* REQUIRED ACTION
Starting at the line that contains "Eucalyptus Sage Green" and stopping at the line that contains "Guardian Owls Bracciale", restate each line of the records below exactly. Omit the pictures.

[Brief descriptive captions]

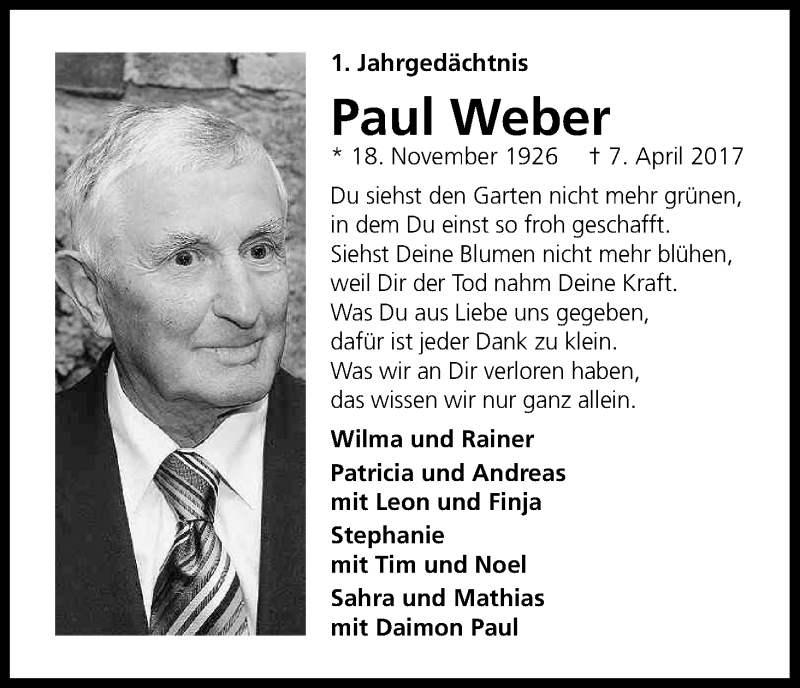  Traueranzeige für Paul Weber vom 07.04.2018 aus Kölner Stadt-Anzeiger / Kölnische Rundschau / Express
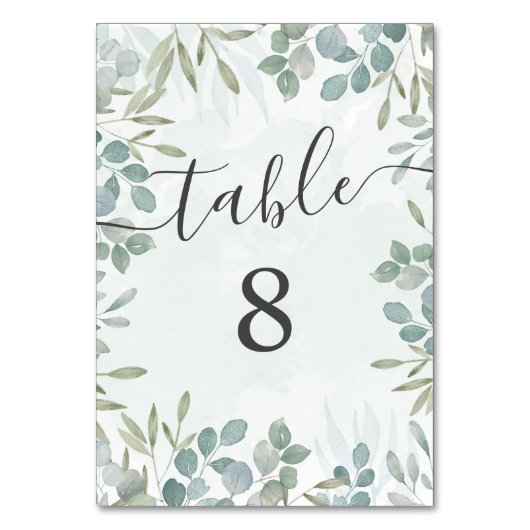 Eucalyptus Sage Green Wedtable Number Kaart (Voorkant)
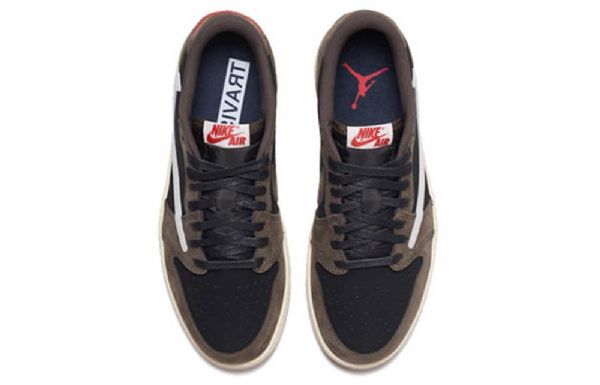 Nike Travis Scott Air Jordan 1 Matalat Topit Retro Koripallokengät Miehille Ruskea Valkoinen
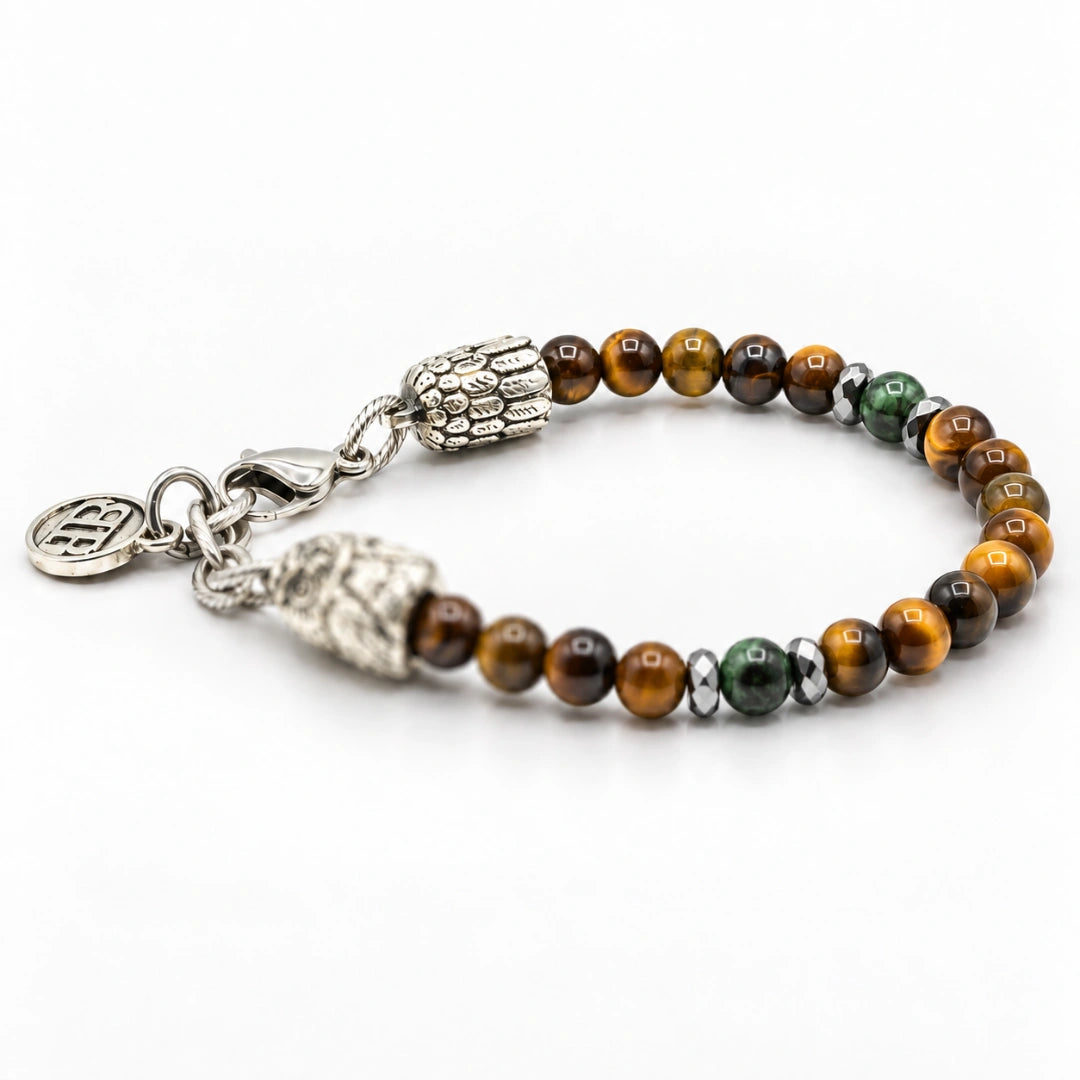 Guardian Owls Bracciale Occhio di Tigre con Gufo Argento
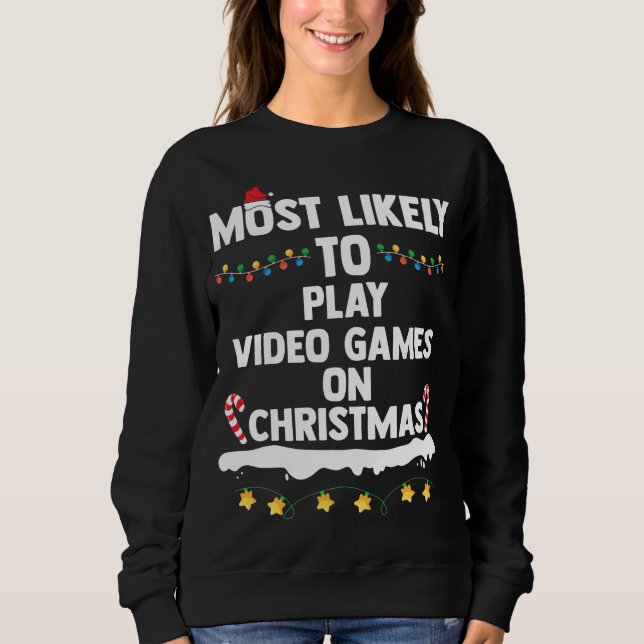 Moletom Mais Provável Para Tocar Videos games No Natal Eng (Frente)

* OUTPUT OF THE EXERCISE
 Eucalyptus Sage Green Wedtable Number Kaart (Voorkant)
 Nike Travis Scott Air Jordan 1 Matalat Topit Retro Koripallokengät Miehille Ruskea Valkoinen
 Guardian Owls Bracciale Occhio di Tigre con Gufo Argento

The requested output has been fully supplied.